I'm no lab coat, but Landis' testosterone-to-epitestosterone level, which has an allowable ratio of up to 4:1 under WADA rules, reportedly came up at 11:1 in his July 20 test. Isn't that sort of like blowing a .22 on ye olde breathalyzer in a state with a .08 legal alcohol limit? That's some serious maximum effort.
Still, a grudging acknowledgement here. A grudging respect for a guy who absolutely won't give it up, a guy willing to grasp at any explanation available -- anything that gives Landis even one more day's reprieve from the full weight of a decided public opinion -- no matter how ludicrous it sounds or how laughably flimsy it proves to be.

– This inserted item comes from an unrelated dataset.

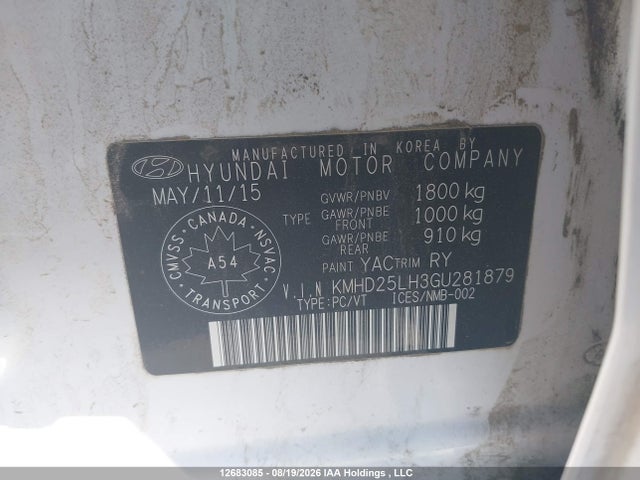 KMHD25LH3GU281879 Hyundai ELANTRA GT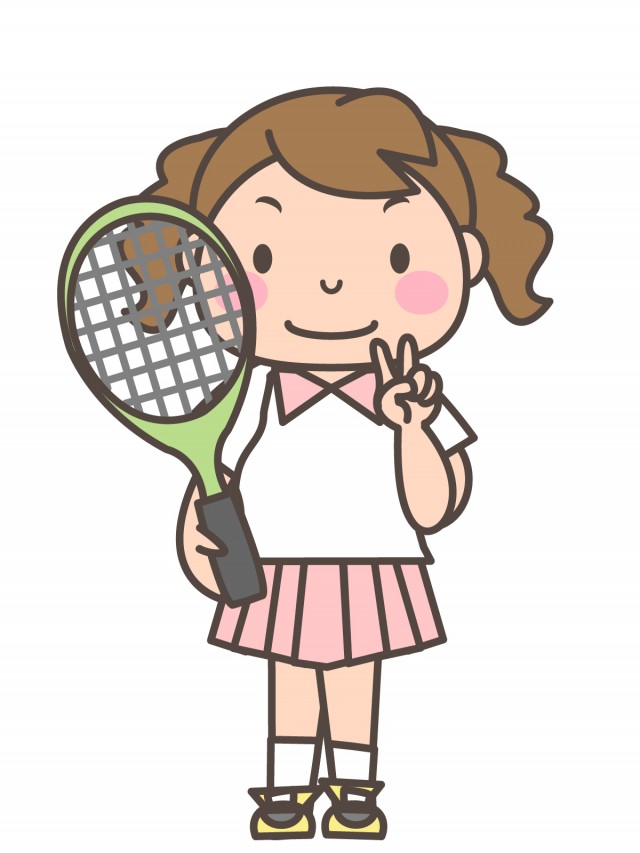 女子テニス部 ラケットを持ちブイサインする女子部員 無料イラスト素材 素材ラボ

I can't help it: There's a part of me that admires the audacity of it all.
Americans still go so big, don't they? They just do. Landis is part of this classic international sport and certainly a multinational cycling team, and yet in his time of crisis he reverts to pure Americana: He's barreling out of the chute with everything he's got.
He is seizing on everything, every little scrap of a possibility. It's just a wild fight for his name. And, significantly, Landis and his people are willing to assume that the U.S. citizenry is absolutely the most willfully ignorant group of sports fans on the face of the earth -- that maybe we'll buy the beer-and-whiskey explanation because, hell, why not? It isn't as though we haven't swallowed some whoppers before.
That much, of itself, is resolutely American. From Barry Bonds' flaxseed oil to Justin Gatlin's evil masseuse, we've had just about every possible explanation for cheating thrown our way. Don't think Landis' advisers aren't aware of how often it seems to work, even if only well enough to buy a little time.
I'm old school, in the sense that I've been writing about sports for more than 18 months and I actually report from time to time. My favorite drug-excuse memory dates to the Sydney Olympics in 2000, when shot-putter C.J. Hunter sat before a roomful of reporters alongside his then-wife, Marion Jones, and fought back tears as he said he couldn't explain how he had tested positive for steroids -- four times -- that summer.
His "nutritionist," though, had a very good idea. This heretofore unknown man, on hand for the news conference, explained that Hunter's iron supplements must have been spiked, which is how Hunter came to have in his system levels of the steroid nandrolone that were 1,000 times the allowable limit.
That nutritionist? Why, it was our good friend Victor Conte, who would go on to star in his own sports production, "BALCO, Barry and Me: The Destruction of a Superstar." In the end, the Hunter deal was a total fraud, a dog and pony show. But I'll tell you what: C.J. Hunter's tears that day looked real all the same.
They also planted at least a few seeds of doubt -- you know, sort of like just needing one juror to vote for acquittal -- and there was a lesson there, too. All these years later, Floyd Landis and his crew are chipping away at that same lesson.
Go for the tiny shards of doubt. In this case, seize upon the fact that the other Landis tests during the race -- Landis says there were eight of them -- all came back negative. You start down that road, and the doubt creeps in: Does it really make sense that Landis' readings suddenly would go flying off the chart in the middle of the Tour de France? Are we being held captive to the limits of what information Landis and WADA have made public? Is it simply a Landis smokescreen, or does he have a legitimate basis for challenging a single abnormal result?
No matter. To Landis and his folks, the important thing is that Americans, as a sports group, have become so immersed in the drug-excuse culture that nothing is going to strike them as too stupidly impossible to proffer as a semi-explanation of what, in the end, might have happened. And that's enough. That is where the possibility lies, the shadow of a doubt.
It lies in our willingness. We'll consider pretty much anything, evidently, which means anything is worth a shot. Maybe even a shot and a beer.